__What to do__:
Everything from the line containing "Bathroom Rugs-Kirkland's Home" to the last line of the listing below should be restated exactly, both ends included, with nothing added and the pictures omitted.

__Given information__:
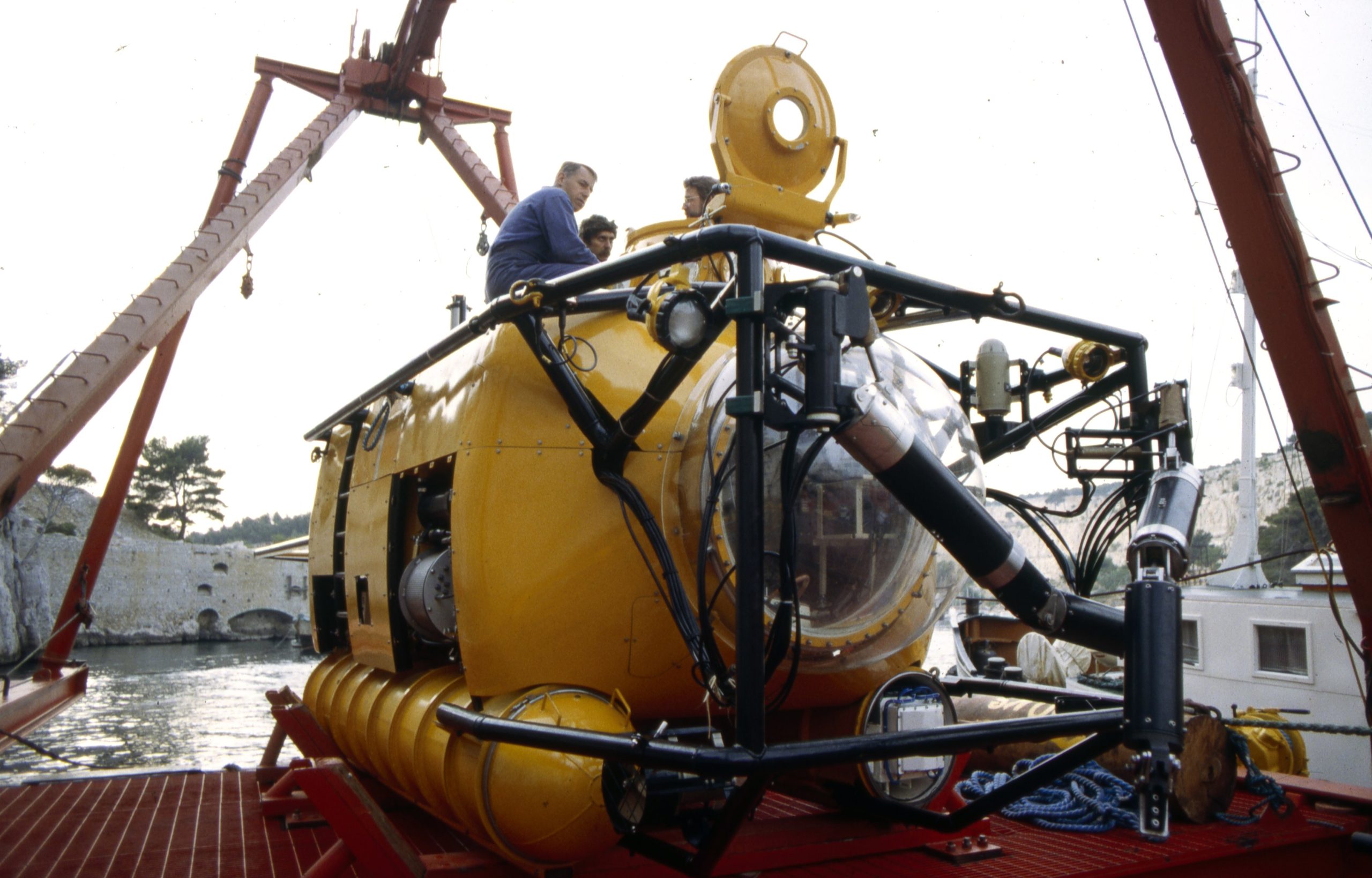 Le sous-marin VAR SO 450 © Comex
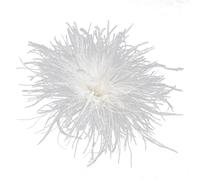 Alfileres de ramillete plumas, broches, alfileres solapa avestruz, accesorios joyería(Color-12)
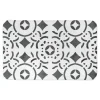 Bathroom Rugs-Kirkland's Home Geometric Tile Bath Mat Gray/White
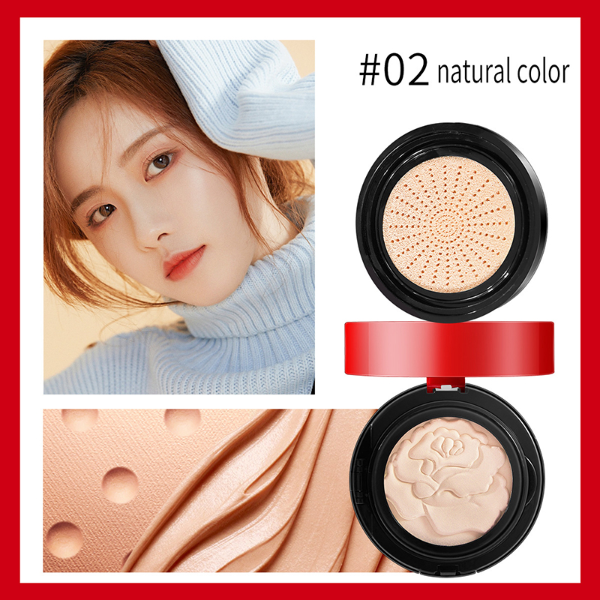 Double-layer Air Cushion Pressed Powder Foundation Anti-perspiration Makeup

__Exercise response__:
 Bathroom Rugs-Kirkland's Home Geometric Tile Bath Mat Gray/White
 Double-layer Air Cushion Pressed Powder Foundation Anti-perspiration Makeup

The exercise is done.